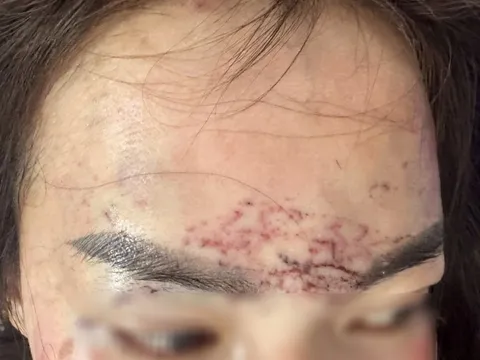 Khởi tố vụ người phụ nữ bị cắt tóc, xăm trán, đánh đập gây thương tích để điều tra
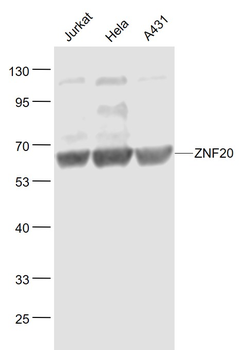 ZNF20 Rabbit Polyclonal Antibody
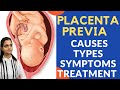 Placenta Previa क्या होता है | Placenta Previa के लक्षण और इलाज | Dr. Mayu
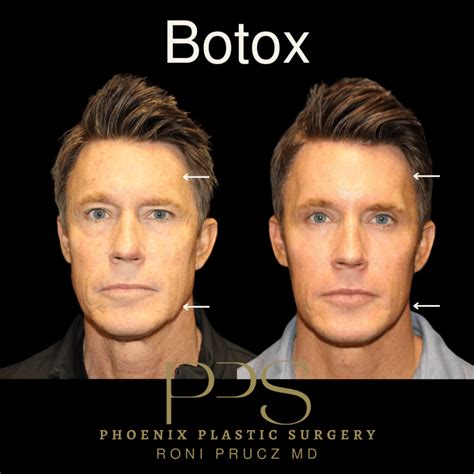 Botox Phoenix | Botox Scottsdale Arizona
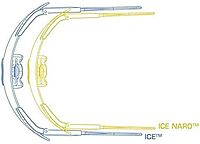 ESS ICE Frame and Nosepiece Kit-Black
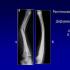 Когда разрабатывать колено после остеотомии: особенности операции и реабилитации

• _EXERCISE INSTRUCTIONS_: The records, exactly as written but without images, should be returned.

• _WRITTEN SOLUTION_:
 Khởi tố vụ người phụ nữ bị cắt tóc, xăm trán, đánh đập gây thương tích để điều tra
 ZNF20 Rabbit Polyclonal Antibody
 Placenta Previa क्या होता है | Placenta Previa के लक्षण और इलाज | Dr. Mayu
 Botox Phoenix | Botox Scottsdale Arizona
 ESS ICE Frame and Nosepiece Kit-Black
 Когда разрабатывать колено после остеотомии: особенности операции и реабилитации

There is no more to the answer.